Meditation practice and thoughts on Anger and Hatred

Anger and Hatred 

Of all the mental poisons Anger and hatred are by far the worst, a daily diet of hatred and anger can only lead to dissolution, self pity, Depression and loneliness. Anger and hatred are the driving force behind violence, human genocide and every war either religious or political. So what is anger and hatred? Where does anger come from? Why do some people get more angry than others? And what are the triggers for anger and hatred?

Anger and Hatred

Everyone, if totally honest with themselves, has experience and suffered form bouts of anger and hatred at some point in their lives. Anger and hatred are the equal opposite of love and peace, with the American Psychological Association stating that “anger is a completely normal, usually healthy, human emotion” however Wikipedia tells us that “A person experiencing anger will often experience physical conditions such as increase heart rate elevated blood pressure and increase levels of adrenaline and noradrenaline.”

Where does anger come from?

Anger is born out of frustration or injustice usually because of an illogical idea that something/someone, we have no control over, should be, or be happening or has happened differently than your personal requirements.

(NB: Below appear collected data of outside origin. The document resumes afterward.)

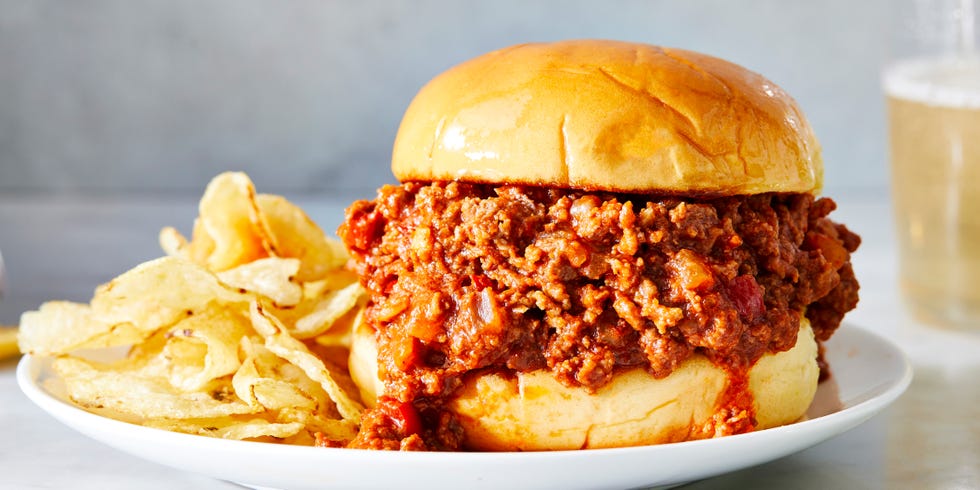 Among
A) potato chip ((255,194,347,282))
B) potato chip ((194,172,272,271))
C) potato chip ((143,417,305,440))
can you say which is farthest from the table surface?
potato chip ((255,194,347,282))

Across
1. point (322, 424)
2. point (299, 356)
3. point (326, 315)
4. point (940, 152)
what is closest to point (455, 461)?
point (322, 424)

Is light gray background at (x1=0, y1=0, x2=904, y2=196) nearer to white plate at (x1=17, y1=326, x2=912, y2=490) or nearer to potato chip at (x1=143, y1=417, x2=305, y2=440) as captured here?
potato chip at (x1=143, y1=417, x2=305, y2=440)

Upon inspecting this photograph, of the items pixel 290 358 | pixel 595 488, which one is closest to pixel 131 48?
pixel 290 358

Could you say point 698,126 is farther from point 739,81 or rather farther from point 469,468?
point 469,468

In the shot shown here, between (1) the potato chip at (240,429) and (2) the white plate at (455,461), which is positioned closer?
(2) the white plate at (455,461)

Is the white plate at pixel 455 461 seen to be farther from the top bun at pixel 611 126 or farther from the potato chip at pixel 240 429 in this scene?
the top bun at pixel 611 126

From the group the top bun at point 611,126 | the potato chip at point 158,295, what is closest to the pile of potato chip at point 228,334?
the potato chip at point 158,295

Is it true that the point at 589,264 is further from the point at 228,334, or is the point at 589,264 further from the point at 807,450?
the point at 228,334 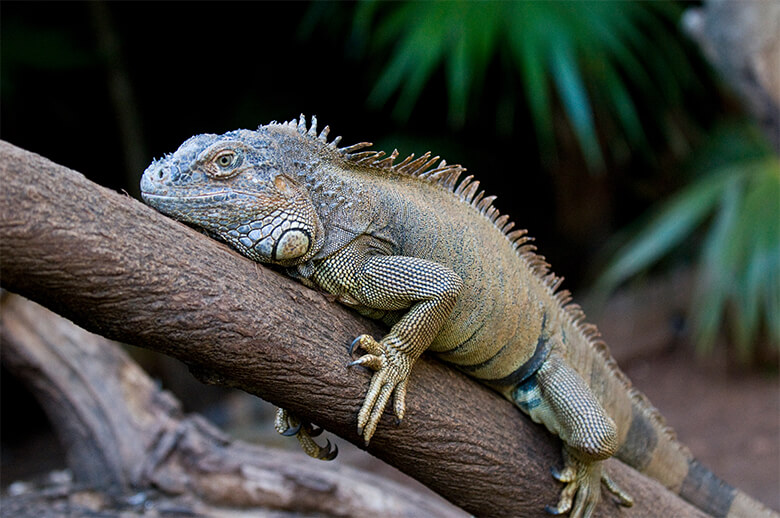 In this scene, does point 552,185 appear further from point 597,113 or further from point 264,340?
point 264,340

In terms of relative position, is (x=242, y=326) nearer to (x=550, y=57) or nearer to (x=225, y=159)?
(x=225, y=159)

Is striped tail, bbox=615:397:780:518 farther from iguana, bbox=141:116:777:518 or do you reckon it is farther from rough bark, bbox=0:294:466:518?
rough bark, bbox=0:294:466:518

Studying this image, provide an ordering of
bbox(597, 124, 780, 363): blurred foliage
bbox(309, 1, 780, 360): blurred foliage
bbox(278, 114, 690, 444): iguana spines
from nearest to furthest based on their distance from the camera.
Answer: bbox(278, 114, 690, 444): iguana spines
bbox(597, 124, 780, 363): blurred foliage
bbox(309, 1, 780, 360): blurred foliage

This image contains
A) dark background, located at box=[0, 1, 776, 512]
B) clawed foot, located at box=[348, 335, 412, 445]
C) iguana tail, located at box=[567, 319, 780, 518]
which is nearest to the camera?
clawed foot, located at box=[348, 335, 412, 445]

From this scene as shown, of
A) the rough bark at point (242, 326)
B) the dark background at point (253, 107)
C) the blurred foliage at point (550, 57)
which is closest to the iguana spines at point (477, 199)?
the rough bark at point (242, 326)

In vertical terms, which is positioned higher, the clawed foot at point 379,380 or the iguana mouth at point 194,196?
the iguana mouth at point 194,196

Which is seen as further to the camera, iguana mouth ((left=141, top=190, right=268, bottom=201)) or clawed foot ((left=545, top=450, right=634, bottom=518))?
clawed foot ((left=545, top=450, right=634, bottom=518))

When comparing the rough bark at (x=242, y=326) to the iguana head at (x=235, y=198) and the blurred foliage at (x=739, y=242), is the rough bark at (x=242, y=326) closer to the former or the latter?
the iguana head at (x=235, y=198)

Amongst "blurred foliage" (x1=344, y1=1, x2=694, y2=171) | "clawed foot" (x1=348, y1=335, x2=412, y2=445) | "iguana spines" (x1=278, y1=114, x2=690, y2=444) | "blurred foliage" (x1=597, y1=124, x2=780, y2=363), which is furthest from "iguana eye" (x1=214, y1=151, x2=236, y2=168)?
"blurred foliage" (x1=597, y1=124, x2=780, y2=363) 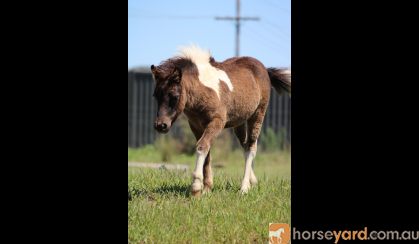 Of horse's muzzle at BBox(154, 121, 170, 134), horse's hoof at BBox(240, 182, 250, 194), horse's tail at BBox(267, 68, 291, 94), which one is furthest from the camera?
horse's tail at BBox(267, 68, 291, 94)

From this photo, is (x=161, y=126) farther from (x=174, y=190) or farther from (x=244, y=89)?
(x=244, y=89)

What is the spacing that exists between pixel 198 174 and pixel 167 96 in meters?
0.64

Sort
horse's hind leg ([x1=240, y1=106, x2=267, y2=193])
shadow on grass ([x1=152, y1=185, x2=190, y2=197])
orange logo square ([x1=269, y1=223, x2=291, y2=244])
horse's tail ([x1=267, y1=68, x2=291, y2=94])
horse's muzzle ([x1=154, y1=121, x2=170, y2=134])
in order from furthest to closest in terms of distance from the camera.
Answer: horse's tail ([x1=267, y1=68, x2=291, y2=94]) → horse's hind leg ([x1=240, y1=106, x2=267, y2=193]) → shadow on grass ([x1=152, y1=185, x2=190, y2=197]) → horse's muzzle ([x1=154, y1=121, x2=170, y2=134]) → orange logo square ([x1=269, y1=223, x2=291, y2=244])

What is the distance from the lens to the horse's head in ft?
13.9

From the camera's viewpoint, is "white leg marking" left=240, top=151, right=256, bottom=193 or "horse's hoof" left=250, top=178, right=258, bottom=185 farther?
"horse's hoof" left=250, top=178, right=258, bottom=185

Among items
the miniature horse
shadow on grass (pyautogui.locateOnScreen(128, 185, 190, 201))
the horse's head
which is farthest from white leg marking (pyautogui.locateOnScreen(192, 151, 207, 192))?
the horse's head

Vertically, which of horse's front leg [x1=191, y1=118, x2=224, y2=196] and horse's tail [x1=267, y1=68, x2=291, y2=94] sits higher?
horse's tail [x1=267, y1=68, x2=291, y2=94]

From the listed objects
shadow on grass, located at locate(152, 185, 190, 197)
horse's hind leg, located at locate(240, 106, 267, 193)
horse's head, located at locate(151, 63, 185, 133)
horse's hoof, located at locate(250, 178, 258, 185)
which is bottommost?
shadow on grass, located at locate(152, 185, 190, 197) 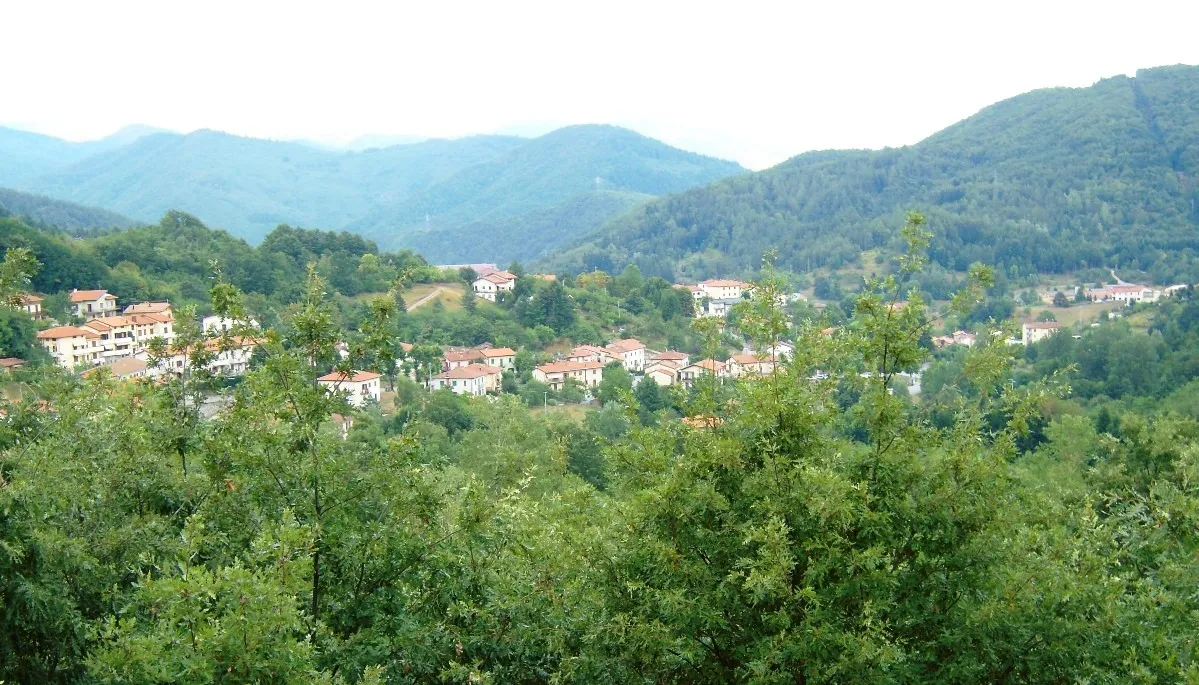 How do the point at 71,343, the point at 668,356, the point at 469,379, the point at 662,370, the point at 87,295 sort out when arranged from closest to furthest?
the point at 71,343 → the point at 469,379 → the point at 87,295 → the point at 662,370 → the point at 668,356

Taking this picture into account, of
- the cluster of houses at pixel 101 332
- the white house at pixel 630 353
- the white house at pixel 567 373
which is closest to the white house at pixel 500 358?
the white house at pixel 567 373

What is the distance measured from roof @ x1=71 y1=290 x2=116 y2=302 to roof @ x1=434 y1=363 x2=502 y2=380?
1691 cm

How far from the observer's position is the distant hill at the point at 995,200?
89.7 m

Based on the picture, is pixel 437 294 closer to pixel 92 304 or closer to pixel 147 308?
pixel 147 308

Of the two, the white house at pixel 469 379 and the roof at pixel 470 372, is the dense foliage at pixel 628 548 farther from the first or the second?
the roof at pixel 470 372

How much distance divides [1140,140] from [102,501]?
12364 cm

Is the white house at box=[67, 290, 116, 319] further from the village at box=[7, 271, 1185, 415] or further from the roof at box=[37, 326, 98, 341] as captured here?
the roof at box=[37, 326, 98, 341]

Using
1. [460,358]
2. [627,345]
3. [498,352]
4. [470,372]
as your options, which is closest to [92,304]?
[460,358]

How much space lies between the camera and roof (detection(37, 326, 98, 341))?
3356 centimetres

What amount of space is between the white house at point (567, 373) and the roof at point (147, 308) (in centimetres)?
1743

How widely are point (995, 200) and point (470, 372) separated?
277ft

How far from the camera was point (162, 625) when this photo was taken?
12.1 ft

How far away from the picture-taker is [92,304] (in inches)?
1662

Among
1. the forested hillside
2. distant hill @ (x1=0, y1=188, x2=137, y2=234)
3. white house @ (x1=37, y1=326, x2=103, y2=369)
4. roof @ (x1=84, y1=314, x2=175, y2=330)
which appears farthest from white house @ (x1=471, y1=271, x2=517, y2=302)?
distant hill @ (x1=0, y1=188, x2=137, y2=234) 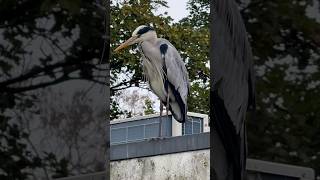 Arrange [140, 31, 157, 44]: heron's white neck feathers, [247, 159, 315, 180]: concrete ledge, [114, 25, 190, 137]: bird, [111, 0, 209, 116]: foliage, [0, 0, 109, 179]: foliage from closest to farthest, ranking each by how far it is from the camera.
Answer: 1. [0, 0, 109, 179]: foliage
2. [247, 159, 315, 180]: concrete ledge
3. [114, 25, 190, 137]: bird
4. [140, 31, 157, 44]: heron's white neck feathers
5. [111, 0, 209, 116]: foliage

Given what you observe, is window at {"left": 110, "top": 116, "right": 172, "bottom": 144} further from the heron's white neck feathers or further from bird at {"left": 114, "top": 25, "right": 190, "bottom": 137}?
the heron's white neck feathers

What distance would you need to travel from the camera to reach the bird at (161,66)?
9.97 m

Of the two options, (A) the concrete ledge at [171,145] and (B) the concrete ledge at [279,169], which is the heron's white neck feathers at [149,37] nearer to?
(B) the concrete ledge at [279,169]

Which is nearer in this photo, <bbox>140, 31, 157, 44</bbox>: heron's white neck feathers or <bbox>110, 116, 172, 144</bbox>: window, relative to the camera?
<bbox>140, 31, 157, 44</bbox>: heron's white neck feathers

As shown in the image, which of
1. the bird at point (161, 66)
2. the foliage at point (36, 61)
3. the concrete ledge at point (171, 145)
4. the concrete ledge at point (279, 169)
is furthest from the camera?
the concrete ledge at point (171, 145)

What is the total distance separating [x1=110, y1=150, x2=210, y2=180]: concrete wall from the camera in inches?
593

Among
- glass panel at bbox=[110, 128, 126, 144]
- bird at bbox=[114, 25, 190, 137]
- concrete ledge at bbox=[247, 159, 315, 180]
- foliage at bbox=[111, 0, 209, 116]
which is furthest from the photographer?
glass panel at bbox=[110, 128, 126, 144]

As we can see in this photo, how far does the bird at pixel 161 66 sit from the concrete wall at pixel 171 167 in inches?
186

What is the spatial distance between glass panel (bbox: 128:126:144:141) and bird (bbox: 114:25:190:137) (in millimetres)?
7100

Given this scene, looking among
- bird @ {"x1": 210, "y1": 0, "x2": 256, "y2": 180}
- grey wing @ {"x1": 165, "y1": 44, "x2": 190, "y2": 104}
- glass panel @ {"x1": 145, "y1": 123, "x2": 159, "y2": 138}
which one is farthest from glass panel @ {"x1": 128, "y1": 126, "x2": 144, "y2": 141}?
bird @ {"x1": 210, "y1": 0, "x2": 256, "y2": 180}

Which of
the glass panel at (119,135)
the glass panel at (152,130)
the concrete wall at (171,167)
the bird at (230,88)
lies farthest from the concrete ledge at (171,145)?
the bird at (230,88)

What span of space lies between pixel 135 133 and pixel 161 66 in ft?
26.5

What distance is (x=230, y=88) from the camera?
6.49m

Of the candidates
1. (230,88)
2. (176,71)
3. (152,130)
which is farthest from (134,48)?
(230,88) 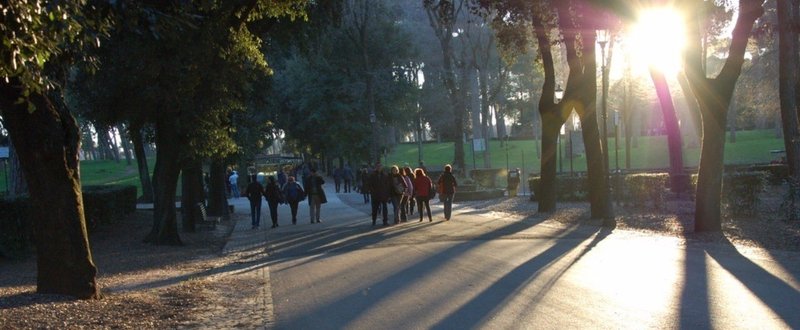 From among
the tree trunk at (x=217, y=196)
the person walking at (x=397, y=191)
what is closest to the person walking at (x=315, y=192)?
the person walking at (x=397, y=191)

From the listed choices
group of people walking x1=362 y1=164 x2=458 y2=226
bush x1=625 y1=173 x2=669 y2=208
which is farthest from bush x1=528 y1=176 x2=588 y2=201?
group of people walking x1=362 y1=164 x2=458 y2=226

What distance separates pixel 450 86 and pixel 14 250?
35.2 meters

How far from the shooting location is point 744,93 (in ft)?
157

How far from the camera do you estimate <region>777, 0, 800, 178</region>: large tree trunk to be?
82.5 ft

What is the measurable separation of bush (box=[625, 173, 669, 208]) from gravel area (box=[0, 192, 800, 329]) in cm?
38

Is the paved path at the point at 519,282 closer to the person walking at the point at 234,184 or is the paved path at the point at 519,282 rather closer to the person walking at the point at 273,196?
the person walking at the point at 273,196

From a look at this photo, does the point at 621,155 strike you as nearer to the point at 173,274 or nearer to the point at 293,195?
the point at 293,195

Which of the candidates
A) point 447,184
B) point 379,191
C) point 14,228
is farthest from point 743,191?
point 14,228

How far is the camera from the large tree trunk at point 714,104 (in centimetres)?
1523

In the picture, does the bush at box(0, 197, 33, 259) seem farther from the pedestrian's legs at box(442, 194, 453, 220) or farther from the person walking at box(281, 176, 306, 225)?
the pedestrian's legs at box(442, 194, 453, 220)

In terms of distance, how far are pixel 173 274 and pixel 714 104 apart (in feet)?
32.4

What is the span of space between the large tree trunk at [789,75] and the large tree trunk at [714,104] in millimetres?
10734

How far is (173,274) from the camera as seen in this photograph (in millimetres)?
13445

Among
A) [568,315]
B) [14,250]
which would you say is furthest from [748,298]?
[14,250] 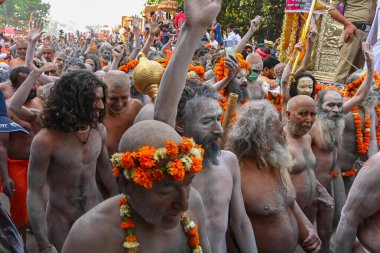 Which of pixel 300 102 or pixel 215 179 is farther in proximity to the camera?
pixel 300 102

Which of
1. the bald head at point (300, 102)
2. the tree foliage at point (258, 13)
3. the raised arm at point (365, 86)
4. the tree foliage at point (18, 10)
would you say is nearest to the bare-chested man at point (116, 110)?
the bald head at point (300, 102)

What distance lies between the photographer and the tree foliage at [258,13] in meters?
22.7

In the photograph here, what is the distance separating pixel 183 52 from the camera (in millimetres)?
2893

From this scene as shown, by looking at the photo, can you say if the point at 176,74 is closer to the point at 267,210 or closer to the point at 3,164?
the point at 267,210

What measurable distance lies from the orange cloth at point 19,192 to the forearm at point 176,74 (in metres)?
3.23

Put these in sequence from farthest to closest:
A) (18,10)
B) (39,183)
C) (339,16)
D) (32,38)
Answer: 1. (18,10)
2. (339,16)
3. (32,38)
4. (39,183)

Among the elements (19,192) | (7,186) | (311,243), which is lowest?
(19,192)

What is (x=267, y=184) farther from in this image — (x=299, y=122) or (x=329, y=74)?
(x=329, y=74)

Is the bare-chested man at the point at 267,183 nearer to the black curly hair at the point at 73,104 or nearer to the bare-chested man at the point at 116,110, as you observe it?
the black curly hair at the point at 73,104

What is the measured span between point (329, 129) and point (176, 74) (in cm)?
343

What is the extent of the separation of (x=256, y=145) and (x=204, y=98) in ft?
2.17

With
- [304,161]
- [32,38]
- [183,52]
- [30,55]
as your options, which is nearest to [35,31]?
[32,38]

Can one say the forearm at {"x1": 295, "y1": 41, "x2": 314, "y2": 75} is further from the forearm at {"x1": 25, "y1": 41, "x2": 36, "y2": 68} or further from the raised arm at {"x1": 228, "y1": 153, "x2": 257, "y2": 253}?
the raised arm at {"x1": 228, "y1": 153, "x2": 257, "y2": 253}

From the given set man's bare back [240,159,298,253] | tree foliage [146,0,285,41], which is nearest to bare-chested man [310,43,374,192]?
man's bare back [240,159,298,253] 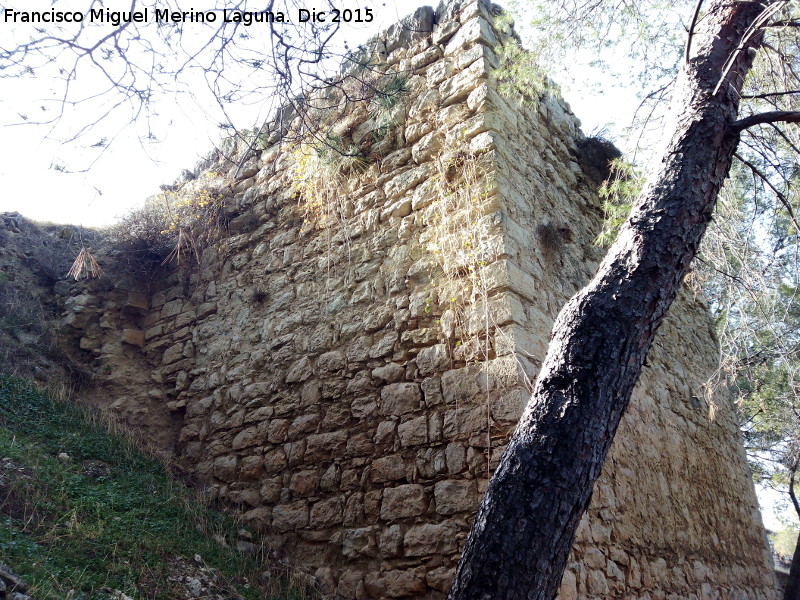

There are a few websites out there, American Psychological Association and Medical News Today, as examples, claiming that anger is a natural emotional state. I would like to disagree wholeheartedly to this and state that, Anger is an emotional response to a given set of circumstances, anger is a choice not a natural state of consciousness.

This may sound controversial but let me explain.

Now a bit of science

We in the west are scientifically minded. If an experiment using the same formulas is repeated anywhere in the world it must have the same results before it is established as fact.

If we take this synopsis and apply it to anger and hatred and on a hot day pour cold water over 10 individuals the results will become clear. 

The facts of the experiment is the water is cold and the day is hot. The reaction of the individuals won’t be the same, the majority may well scream blue murder resulting in anger, however one may very well react differently, perhaps a feeling of being cooled or refreshed by the water may be the experience. Because of these variations in our human reactions, anger is present but it a choice what makes us angry, and what may make you angry doesn’t necessarily make another angry. 

Yes I hear some of you cry, but that is just one trigger for anger what about other situations, like road rage, or being robbed. In each situation the individual reaction can and will be different depending on the individuals past experiences and memories. 

Let’s choose differently

There are so many examples where an individual has chosen love and peace instead of hatred and anger. Etty Hillesum wrote a few months before she died at Auschwitz concentration camp that “I can see no way around it. Each of us must look inside himself and excise and destroy everything he finds there which he believes should be excised and destroyed in others” the Dalia Lama had a visit from a Tibetan monk who had be imprisoned and tortured for twenty five years in a Chinese labour camp. When asked was he fearful, he responded “I was often afraid of hitting my torturers, for in doing so I would have destroyed myself”. After the bomb attack that killed hundreds in Oklahoma City in 1995, the father of a three year old daughter lost in the attack was asked if he wanted to see the instigator executed, he replied “Another death isn’t going to bring my daughter back” 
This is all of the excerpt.